A recent approach by Zabeau et al.55, known as AFLP, is a
technique based on the detection of genomic restriction fragments by PCR
amplification and can be used for DNAs of any origin or complexity. The
fingerprints are produced, without any prior knowledge of sequence, using
a limited set of generic primers. The number of fragments detected in a
single reaction can be ‘tuned’ by selection of specific primer sets. AFLP
technique is reliable since stringent reaction conditions are used for
primer annealing. This technique thus shows an ingenious combination of
RFLP and PCR techniques and is extremely useful in detection of
polymorphism between closely related genotypes.

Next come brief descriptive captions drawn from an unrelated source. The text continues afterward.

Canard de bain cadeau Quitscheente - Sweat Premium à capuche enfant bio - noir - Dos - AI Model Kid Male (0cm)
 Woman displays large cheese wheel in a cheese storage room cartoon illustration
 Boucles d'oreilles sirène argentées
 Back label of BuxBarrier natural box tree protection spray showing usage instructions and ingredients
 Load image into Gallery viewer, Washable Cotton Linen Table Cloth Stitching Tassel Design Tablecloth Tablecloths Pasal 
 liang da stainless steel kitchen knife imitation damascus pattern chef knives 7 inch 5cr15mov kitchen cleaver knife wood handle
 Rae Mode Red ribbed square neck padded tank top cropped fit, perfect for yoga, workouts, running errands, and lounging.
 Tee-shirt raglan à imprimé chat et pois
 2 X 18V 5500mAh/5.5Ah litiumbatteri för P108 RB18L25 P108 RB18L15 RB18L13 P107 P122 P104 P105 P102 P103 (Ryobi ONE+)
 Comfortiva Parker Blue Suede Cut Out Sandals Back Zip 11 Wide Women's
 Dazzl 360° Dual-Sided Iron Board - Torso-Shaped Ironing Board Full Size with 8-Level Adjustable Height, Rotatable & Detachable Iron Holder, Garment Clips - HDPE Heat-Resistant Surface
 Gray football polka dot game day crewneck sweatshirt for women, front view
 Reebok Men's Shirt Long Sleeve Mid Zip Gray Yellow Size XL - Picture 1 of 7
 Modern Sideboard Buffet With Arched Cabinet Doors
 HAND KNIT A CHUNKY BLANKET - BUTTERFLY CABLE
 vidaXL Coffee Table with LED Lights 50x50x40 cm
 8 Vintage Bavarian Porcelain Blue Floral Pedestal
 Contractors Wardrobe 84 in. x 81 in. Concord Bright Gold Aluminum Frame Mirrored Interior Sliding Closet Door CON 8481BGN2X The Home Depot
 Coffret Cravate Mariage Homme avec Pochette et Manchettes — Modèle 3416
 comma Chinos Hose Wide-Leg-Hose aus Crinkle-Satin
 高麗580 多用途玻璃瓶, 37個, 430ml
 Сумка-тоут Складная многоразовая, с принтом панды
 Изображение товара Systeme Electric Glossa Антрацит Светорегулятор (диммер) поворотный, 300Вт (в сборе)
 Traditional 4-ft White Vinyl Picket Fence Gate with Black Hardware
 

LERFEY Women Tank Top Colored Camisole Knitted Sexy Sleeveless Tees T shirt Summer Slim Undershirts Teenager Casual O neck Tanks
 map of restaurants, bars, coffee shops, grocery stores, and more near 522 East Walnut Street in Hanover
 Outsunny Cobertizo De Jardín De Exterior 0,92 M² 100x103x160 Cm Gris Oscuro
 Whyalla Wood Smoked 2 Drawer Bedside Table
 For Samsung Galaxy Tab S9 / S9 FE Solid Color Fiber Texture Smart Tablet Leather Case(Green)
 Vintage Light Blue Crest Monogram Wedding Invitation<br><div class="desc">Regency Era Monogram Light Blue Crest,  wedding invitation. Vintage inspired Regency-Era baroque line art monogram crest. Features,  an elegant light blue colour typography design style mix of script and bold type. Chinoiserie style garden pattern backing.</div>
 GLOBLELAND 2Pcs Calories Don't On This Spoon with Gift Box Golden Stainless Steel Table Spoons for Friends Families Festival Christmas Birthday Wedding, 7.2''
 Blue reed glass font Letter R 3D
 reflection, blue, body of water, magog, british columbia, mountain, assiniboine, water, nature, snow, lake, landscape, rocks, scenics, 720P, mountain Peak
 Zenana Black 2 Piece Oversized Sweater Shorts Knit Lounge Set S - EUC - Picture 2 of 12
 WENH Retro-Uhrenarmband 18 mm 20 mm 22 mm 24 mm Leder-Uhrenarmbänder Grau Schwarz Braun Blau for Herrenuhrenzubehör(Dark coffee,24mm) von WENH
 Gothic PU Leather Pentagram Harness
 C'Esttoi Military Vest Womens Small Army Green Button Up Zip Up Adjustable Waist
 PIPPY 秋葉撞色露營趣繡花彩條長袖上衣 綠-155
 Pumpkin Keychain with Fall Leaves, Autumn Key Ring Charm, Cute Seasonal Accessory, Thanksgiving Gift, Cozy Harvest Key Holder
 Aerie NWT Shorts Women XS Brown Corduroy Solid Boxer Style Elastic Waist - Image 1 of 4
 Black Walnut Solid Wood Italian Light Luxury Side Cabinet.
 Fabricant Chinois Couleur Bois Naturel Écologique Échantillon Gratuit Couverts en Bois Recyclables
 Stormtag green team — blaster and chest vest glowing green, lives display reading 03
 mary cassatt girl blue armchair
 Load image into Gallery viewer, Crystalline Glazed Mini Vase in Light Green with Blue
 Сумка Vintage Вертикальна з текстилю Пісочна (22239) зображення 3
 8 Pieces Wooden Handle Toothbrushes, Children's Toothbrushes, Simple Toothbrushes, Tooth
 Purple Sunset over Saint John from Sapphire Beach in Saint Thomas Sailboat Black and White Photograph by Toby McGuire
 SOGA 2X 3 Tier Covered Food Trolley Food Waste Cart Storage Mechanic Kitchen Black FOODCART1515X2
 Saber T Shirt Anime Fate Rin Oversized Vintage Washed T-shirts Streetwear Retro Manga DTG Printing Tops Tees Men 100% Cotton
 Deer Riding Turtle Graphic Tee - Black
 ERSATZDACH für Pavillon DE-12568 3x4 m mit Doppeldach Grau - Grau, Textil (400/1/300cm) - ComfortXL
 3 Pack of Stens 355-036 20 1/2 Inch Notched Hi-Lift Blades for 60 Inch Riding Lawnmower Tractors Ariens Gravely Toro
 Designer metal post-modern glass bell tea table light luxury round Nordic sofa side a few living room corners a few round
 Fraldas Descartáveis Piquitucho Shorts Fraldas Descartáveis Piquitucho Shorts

AFLP procedure mainly involves 3 steps


(a) Restriction of DNA using a rare cutting and a commonly cutting
restriction enzyme simultaneously (such as MseI and EcoRI) followed by
ligation of oligonucleotide adapters, of defined sequences including the
respective restriction enzyme sites.
(b) Selective amplifications of sets of restriction fragments, using
specifically designed primers. To achieve this, the 5' region of the primer
is made such that it would contain both the restriction enzyme sites on
either sides of the fragment complementary to the respective adapters,
while the 3' ends extend for a few arbitrarily chosen nucleotides into the
restriction fragments.
(c) Gel analysis of the amplified fragments.
AFLP analysis depicts unique fingerprints regardless of the origin and
complexity of the genome. Most AFLP fragments correspond to unique
positions on the genome and hence can be exploited as landmarks in
genetic and physical mapping. AFLPs are extremely useful as tools for
DNA fingerprinting58 and also for cloning and mapping of variety-specific
genomic DNA sequences. Similar to RAPDs, the bands of interest obtained
by AFLP can be converted into SCARs. Thus AFLP provides a newly
developed, important tool for a variety of applications.

Applications of molecular markers in plant genome


analysis and breeding

Molecular markers have been looked upon as tools for a large


number of applications ranging from localization of a gene to
improvement of plant varieties by marker-assisted selection. They have
also become extremely popular markers for phylogenetic analysis adding
new dimensions to the evolutionary theories. If we look at the history of
the development of these markers, it is evident that they have been
improved over the last two decades to provide easy, fast and automated
assistance to scientists and breeders. Genome analysis based on
molecular markers has generated a vast amount of information and a
number of databases are being generated to preserve and popularize it.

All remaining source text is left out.